A leitura nasce também do próprio jogo. O Braga teve uma primeira parte muito forte e oportunidades para construir uma diferença superior, mas viu os austríacos acertarem na barra e obrigarem Bernardo Fontes a uma grande defesa logo depois do intervalo.
É esse Áustria mais agressivo que Vicens espera encontrar na próxima quinta-feira.
«Estamos apenas no intervalo da eliminatória», sublinhou, lembrando que o adversário tem energia, procura constantemente correr para a frente e é forte nos duelos.
O treinador não quer, por isso, uma equipa orientada exclusivamente para proteger dois golos. Quer corrigir aquilo que funcionou pior em Braga e apresentar uma versão ainda mais competente num cenário em que os austríacos terão de assumir mais riscos.
O grau de exigência de Vicens também se explica pela avaliação que faz da primeira mão. O treinador considera que, perante o volume produzido, um terceiro golo teria refletido melhor a superioridade da equipa.

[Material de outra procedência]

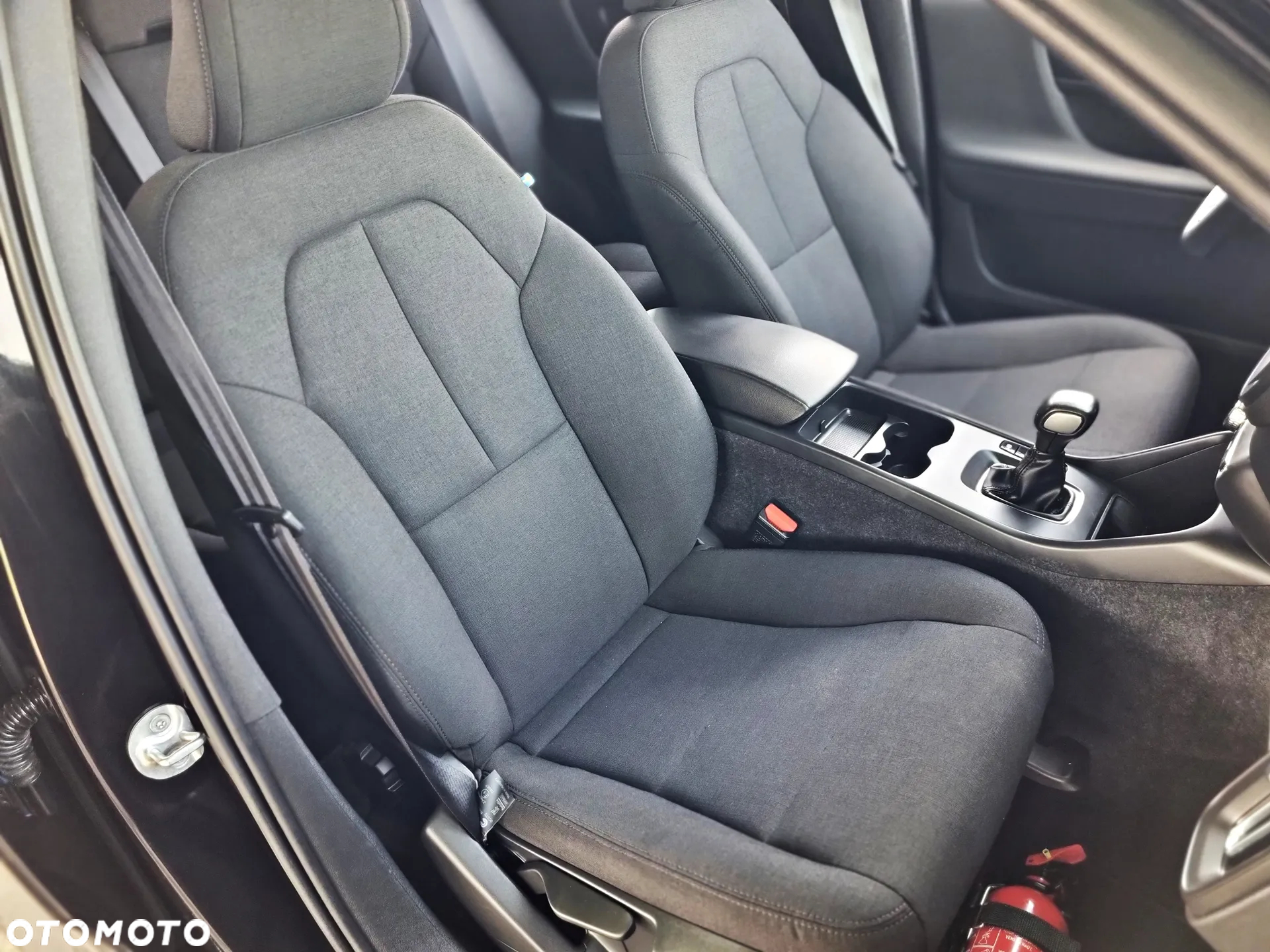 Volvo XC 40 T2 Momentum - 22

Pau Víctor teve essa oportunidade num segundo penálti, mas Samuel Radlinger defendeu. Pouco depois, Diego Rodrigues resolveu a questão através de jogo corrido.
O golo do jovem médio teve significado especial para Vicens.

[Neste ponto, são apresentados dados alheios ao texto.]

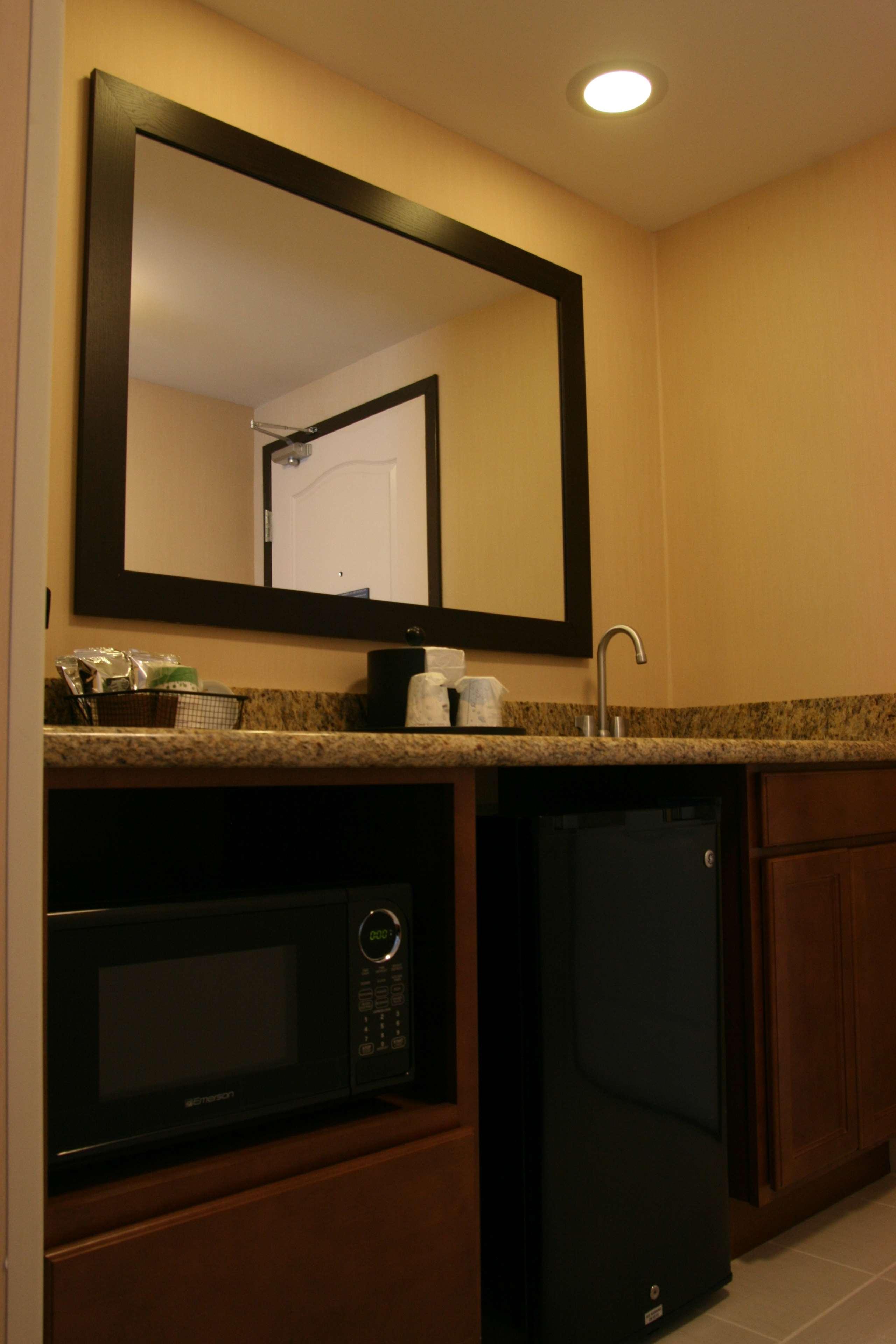 Hampton Inn And Suites Peru Exterior foto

Diego foi um dos jogadores que mais sofreu durante os dias marcados pela infeção gastrointestinal e chegou ao encontro depois de uma preparação longe do normal. O treinador revelou que alguns jogadores pareciam recuperados durante dois dias e voltavam depois a apresentar sintomas.
Isso tornou difícil gerir o treino e avaliar a verdadeira capacidade física do grupo.

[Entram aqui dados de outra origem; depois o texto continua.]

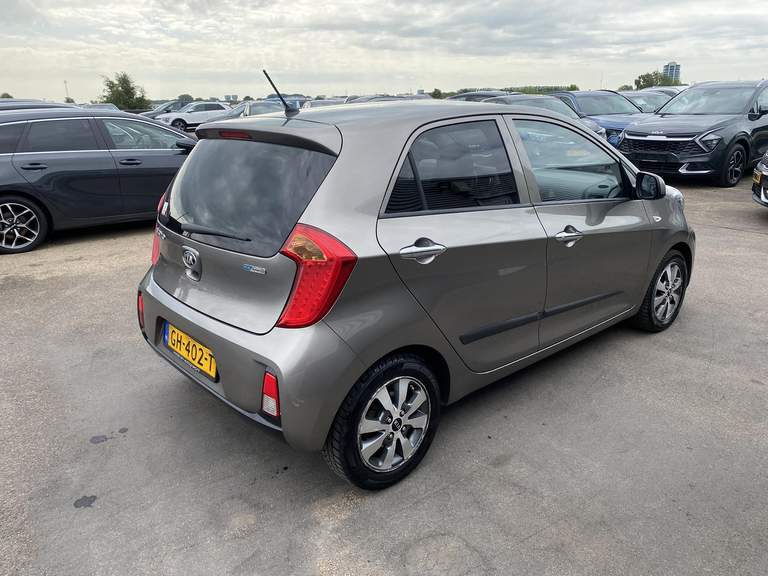 Kia Kia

Vicens recusou usar o problema como desculpa e preferiu destacar aquilo que a equipa fez apesar dele: «A equipa esforçou-se, entendeu o que queríamos e procurou a vitória em todos os momentos.»
O treinador mostrou-se particularmente satisfeito com os jogadores lançados durante a segunda parte e com a ambição demonstrada perto da área.
É uma exigência que tem repetido internamente: quem ocupa posições ofensivas não pode limitar-se a participar na construção, tem de olhar para a baliza.
Diego respondeu exatamente dessa forma e marcou o segundo.
A semana até Viena será muito diferente daquela que antecedeu a primeira mão. O Braga não tem jogo do campeonato durante o fim de semana e poderá recuperar fisicamente, reintegrar jogadores e preparar a eliminatória com mais normalidade.
Vicens valoriza esse tempo, mas também sabe que o mesmo benefício chegará ao adversário.
«Ambas as equipas vão melhorar», advertiu.
Houve ainda um momento em que o treinador deixou a prudência de lado para mostrar desagrado. Questionado sobre a situação em que Vítor Carvalho teve de permanecer temporariamente fora do relvado após problemas físicos, Vicens remeteu a explicação para a equipa de arbitragem.
«Não sou treinador de perder tempo», afirmou, insistindo que o jogador tinha comunicado uma questão muscular e precisava de sair.
Foi uma das poucas manifestações de irritação numa noite em que o discurso esteve sobretudo orientado para o futuro.
O Braga venceu por dois, não sofreu e está mais perto da fase de liga. Vicens não contesta nenhuma dessas evidências.
Contesta apenas a conclusão mais confortável que delas poderia nascer.
Para o treinador, em Viena não haverá uma vantagem para administrar. Haverá outra metade para jogar.